What do these two plots have to do with each other? The story becomes a race against time as the Doctor tries to find the "Lords" of these gardens, and tries to save them against an invasion that they don't seem to realize is coming. Peri has to deal with the people who live outside of the gardens. Who can they trust, when nothing on this planet is what it seems?
The plot behind Palace of the Red Sun is actually very interesting. The two plots initially don't seem to have anything to do with one another, but Bulis does tie it together well. The idea of a "Protector" going around and invading places for their own good is kind of interesting, though it doesn't seem that realistic, especially as Bulis presents it. The idea that numerous worlds could see what Protector Judd has done to other worlds and still want him to "save" them is, to me, a little ridiculous. I know that some people would welcome it, but this many?

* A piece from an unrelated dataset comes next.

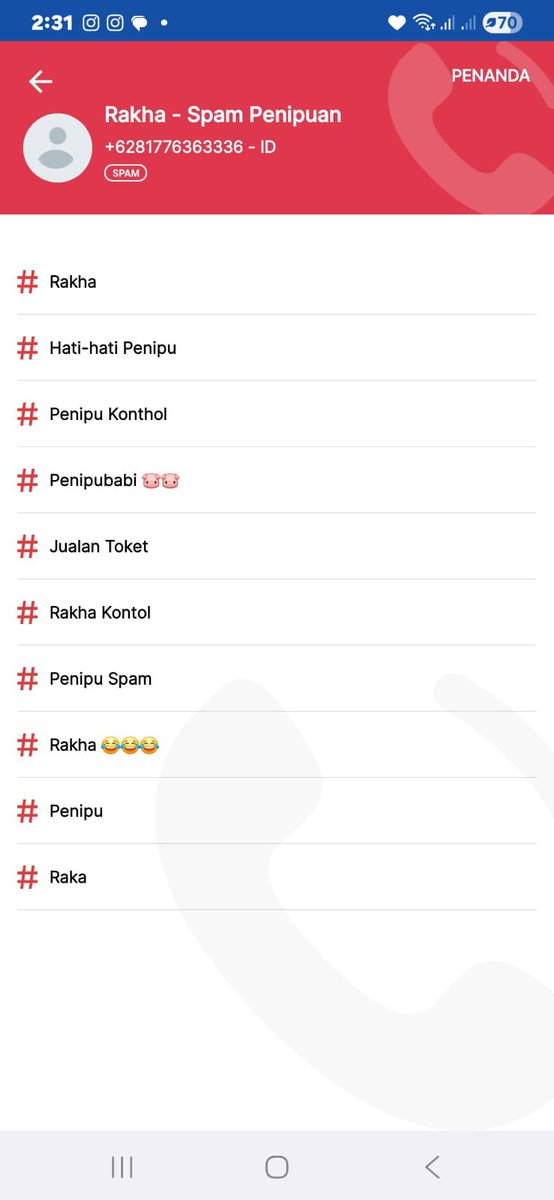 khαylielielie˚✧₊⁺˳✧༚ tweet media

The relationship between the garden idea and this militaristic plot is very intriguing, though. Bulis does make the transitions from one to the other very well. The Doctor and Peri are hard-pressed to figure out what's happening. The plot has a certain "what the heck is going on?" element to it that is not always done well. Here, it is. Just when you think you've got it figured out, Bulis throws a bit of a twist in. The final couple of twists are really interesting, though, as the two plots dovetail rather nicely and are finally resolved.
It's too bad the same can't be said of the characters. This has always been Bulis' weakness. The characterization of the Doctor and Peri are passable, but that's because we have numerous books and TV episodes to keep in mind as we're reading the book. The original characters suffer a great deal. Judd is a ruthlessly efficient tyrant who will do whatever it takes to achieve his goals. Dynes just wants the story and to have as much violent footage for his broadcast as possible. There is a "robot starts becoming sentient" bit that is straight out of many science fiction ideas (though the robot is one of the more interesting characters in the book). The inhabitants of the garden fulfill their assigned roles, but do little else (though there is a bit of a reason for that in story terms, I won't say what it is). Basically, they're all very bland and uninteresting.
Dynes is a character from one of Bulis' previous Who novels, The Ultimate Treasure. There really isn't any reason for him to be in this book other than at the whim of the author. Bulis tries to make a point about how the public seems to lap up violent news images even as they decry the media for broadcasting them. However, the point is so heavy-handed that my head hurt from the mallet Bulis hit it with. It's too bad, too, because Dynes certainly seemed to have potential as a worthwhile character. However, in a Bulis book, there are no shades of grey, which always make the best characters.
Thankfully, though, the plot is intriguing enough to make up for it. This is a very lukewarm recommendation, but ultimately I would recommend the book. I don't think I would make it your first Dr. Who book, though.